For multiple calculation calls, ArupCompute works best with batch requests.

import arupcomputepy
import tempfile
import matplotlib.pyplot as plt
import os

# set up our connection ArupCompute
jobNumber = '00000000' # for testing only - please use a real job number
connection = arupcomputepy.Connection(jobNumber)

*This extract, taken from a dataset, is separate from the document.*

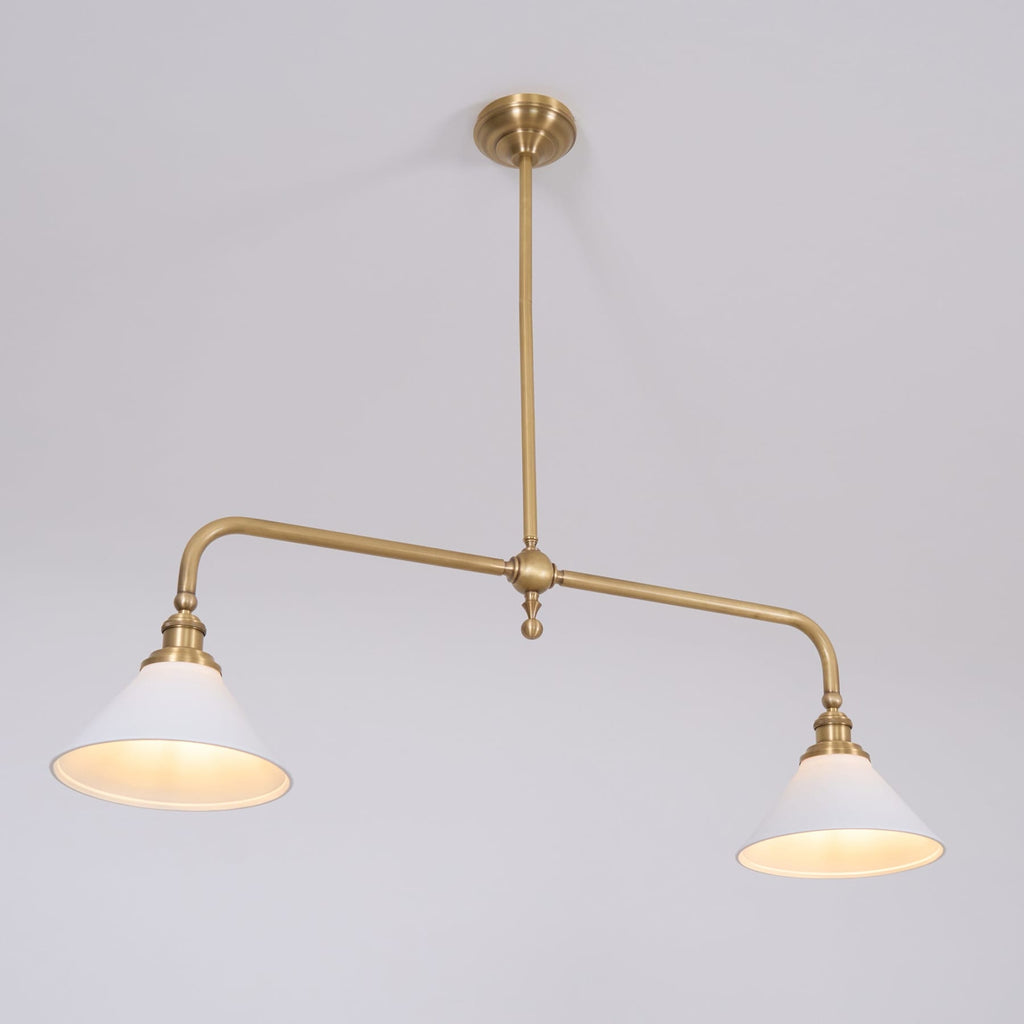 Modern Brass Pendant Light With Ceramic Shades for Dining Room — Harbor Light Co.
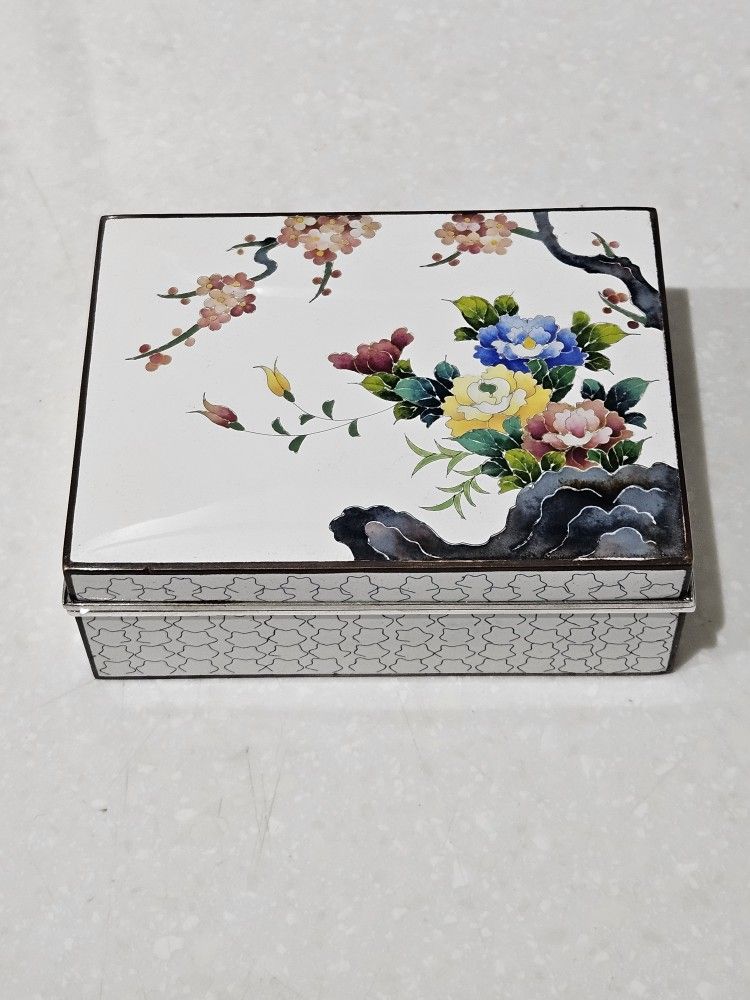 Antique Japanese Inaba Nanaho Cloisonne Hinged Jewlery Trinket Box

calcID = 5459313 # DesignCheck2 v145.0.17 Structural.EC.Calcs.Concrete > Slab overall depth

# Note that we use lists of input data for a batch calculation
spans = [5, 5.5, 6, 6.5, 7, 7.5, 8, 8.5, 9, 9.5, 10]
variables = {
'ID' : [1, 2, 3, 4, 5, 6, 7, 8, 9, 10, 11],
'slab_type' : ['OneWaySolidSlab_SingleSpan', 'OneWaySolidSlab_SingleSpan', 'OneWaySolidSlab_SingleSpan', 'OneWaySolidSlab_SingleSpan', 'OneWaySolidSlab_SingleSpan', 'OneWaySolidSlab_SingleSpan', 'OneWaySolidSlab_SingleSpan', 'OneWaySolidSlab_SingleSpan', 'OneWaySolidSlab_SingleSpan', 'OneWaySolidSlab_SingleSpan', 'OneWaySolidSlab_SingleSpan'],
'q_k' : [3, 3, 3, 3, 3, 3, 3, 3, 3, 3, 3],
'g_ksdl' : [1, 1, 1, 1, 1, 1, 1, 1, 1, 1, 1],
'l' : spans
}

# Note that we need to set the variable isBatch = True
response = arupcomputepy.MakeCalculationRequest(connection, calcID, isBatch=True, variables=variables)

Step 3 - Create lists of x- and y-series

y_vals = []
for item in response:
y_vals.append(item['h']) # 'h' = cross section depth 'mm'

Step 4 - Plot graph

ax = plt.axes()

ax.plot(spans, y_vals)
plt.xlabel('Span (m)')
plt.ylabel('Depth (mm)')

plt.show()

# if you want to save the figure
path = os.path.join(tempfile.gettempdir(),'arupcomputepy','GraphExample.png') # temporary file location for demonstration purposes
print(path)
plt.savefig(path)

graph

tip

matplotlib plots are very flexible and customisable, see the documentation for more.